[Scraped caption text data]
Content starts

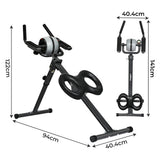 Centra Folding Ab Machine Roller Wheel Workout Mat-1937319817644216322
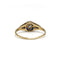 Bague 53 Bague Art déco en or 750 avec diamants taille ancienne et saphirs calibrés 58 Facettes 1312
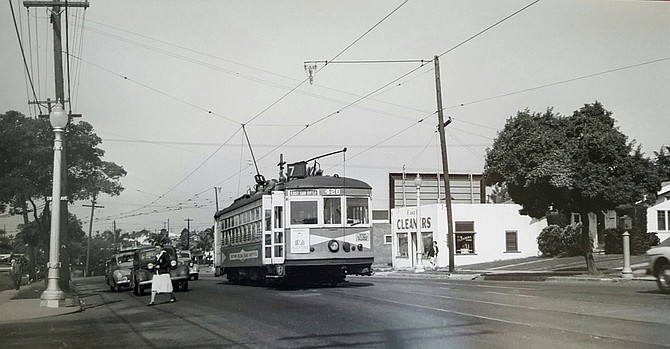 Historic trolley line that used to go down University when Sally Wong was built (taken out in the 1940s). 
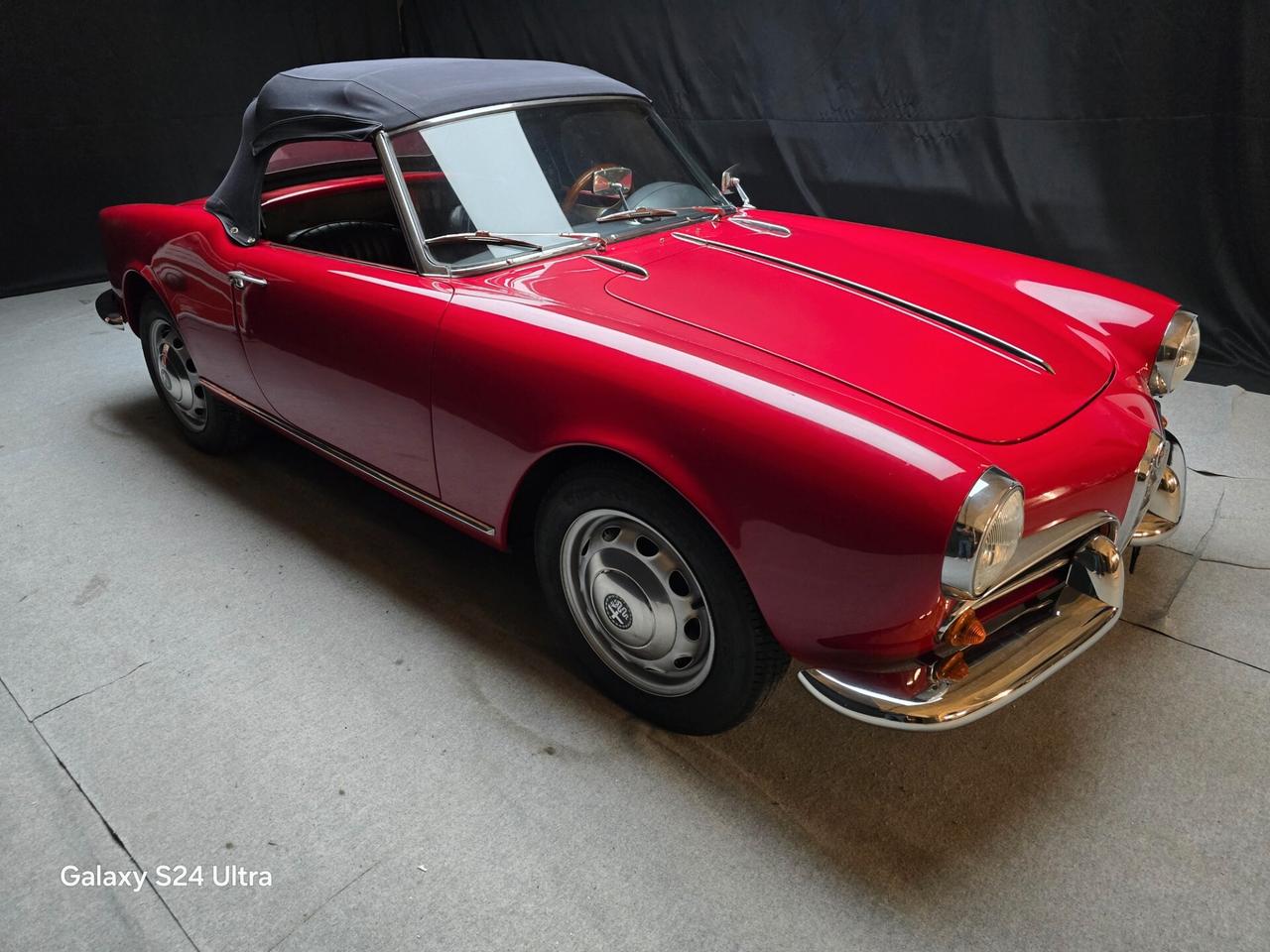 Alfa Romeo Giulietta SPIDER PASSO CORTO ASI con CRS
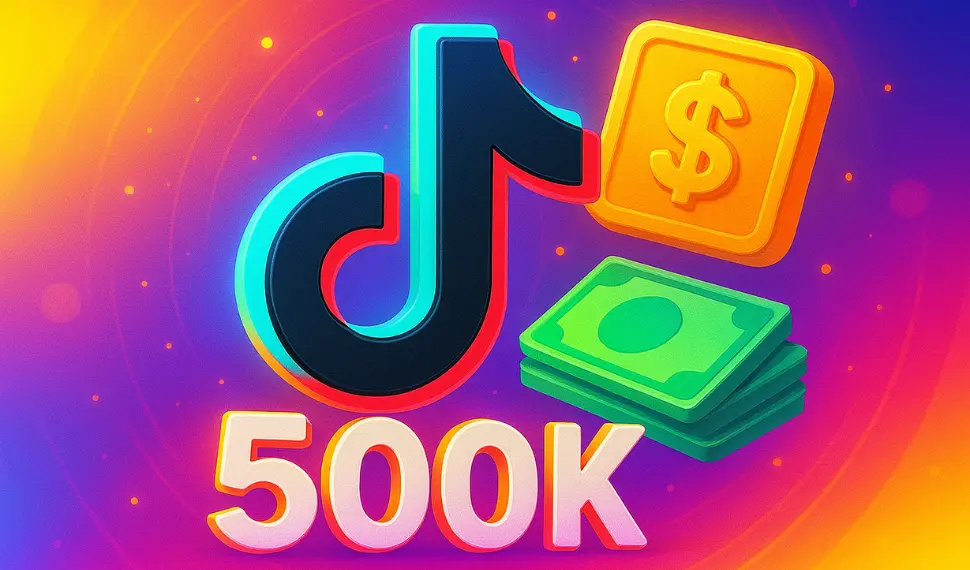 Quanto o TikTok paga por 500 mil visualizações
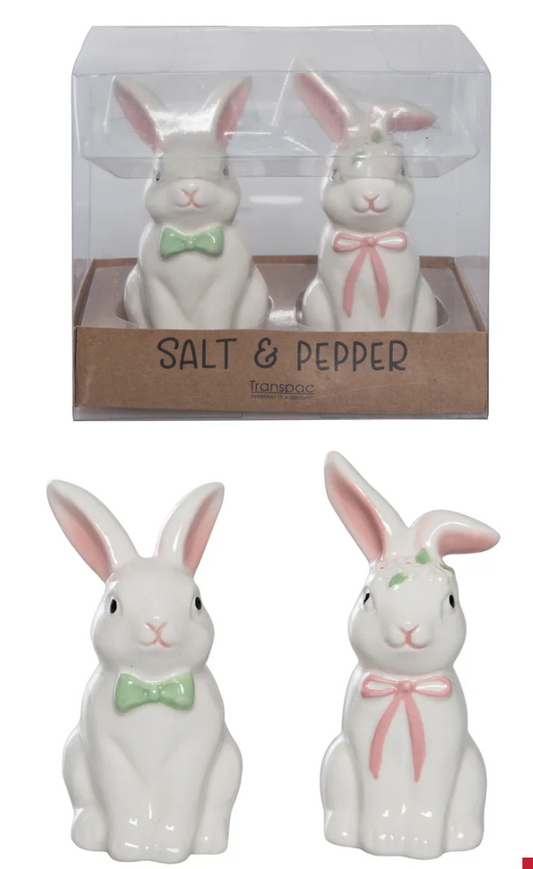 Easter Bunny Salt/Pepper Shakers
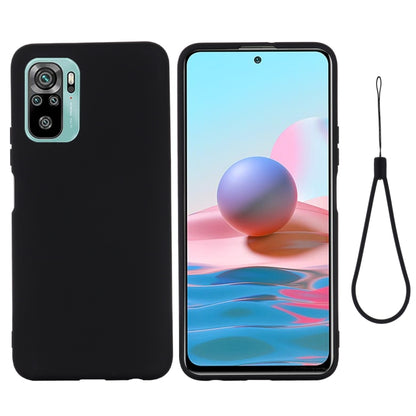 Solid Color Liquid Silicone Dropproof Full Coverage Protective Case, For Xiaomi Redmi Note 10S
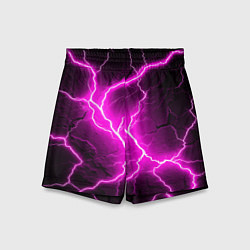 Шорты детские The color is pink and black, цвет: 3D-принт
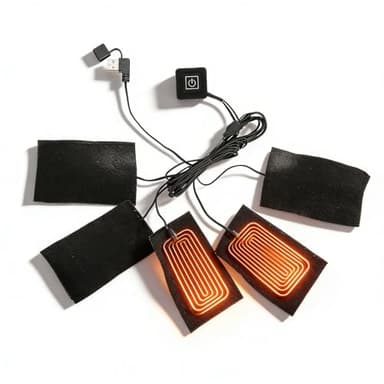 Portable Cloth Heaters, Clothes Heating Pad with 5pcs Heating, USB Electric Heated Pad Adjustable Temperature Warmer for Outdoor Winter Clothes Seat Pet Dogs and Cats Warmer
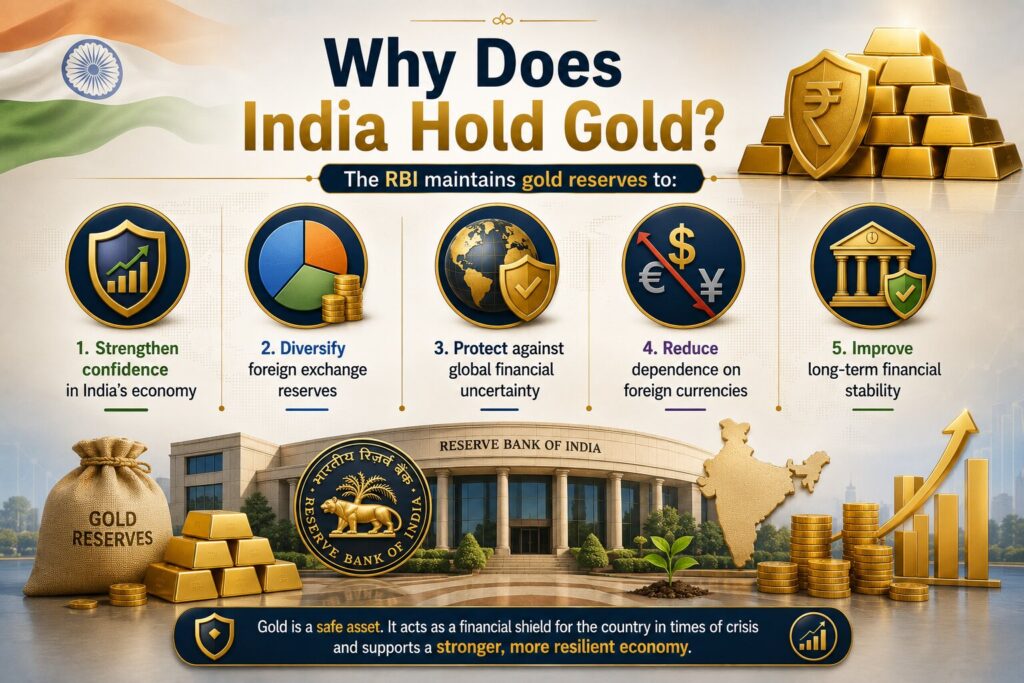Why does India Hold Gold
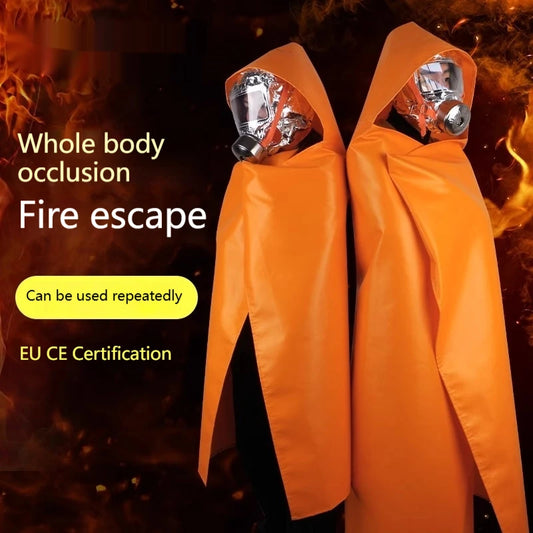 NEW Top Quality SOS Flame Retardant Cloak Emergency Survival Fire Blanket Double-Layer Fireproof Cloak Full Body Protection Heat Insulation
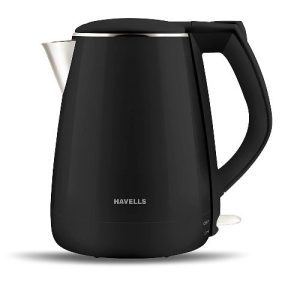 Bajaj New KTX DLX 1.5 Litres Stainless Steel Electric Kettle (Detachable  Base, Auto Shut-off, Black) - Khosla Electronics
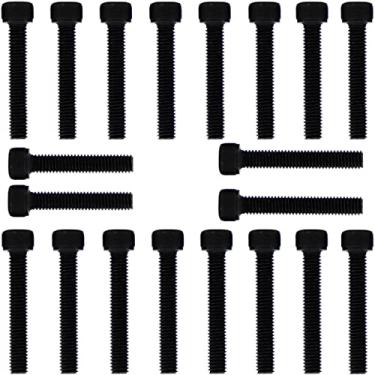 Imagem de Kit parafusos aço liga tampa motor lateral esquerda+direita Biz110I Pop110I 2016 em diante Biz110 Pop110 Honda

Content ends

WHAT THIS TASK INVOLVES
Would you transcribe the lines above exactly, going from the line bearing "Why does India Hold Gold" through the line bearing "Bajaj New KTX", and drop the pictures from the copy?

THE ANSWER
Why does India Hold Gold
 NEW Top Quality SOS Flame Retardant Cloak Emergency Survival Fire Blanket Double-Layer Fireproof Cloak Full Body Protection Heat Insulation
 Bajaj New KTX DLX 1.5 Litres Stainless Steel Electric Kettle (Detachable  Base, Auto Shut-off, Black) - Khosla Electronics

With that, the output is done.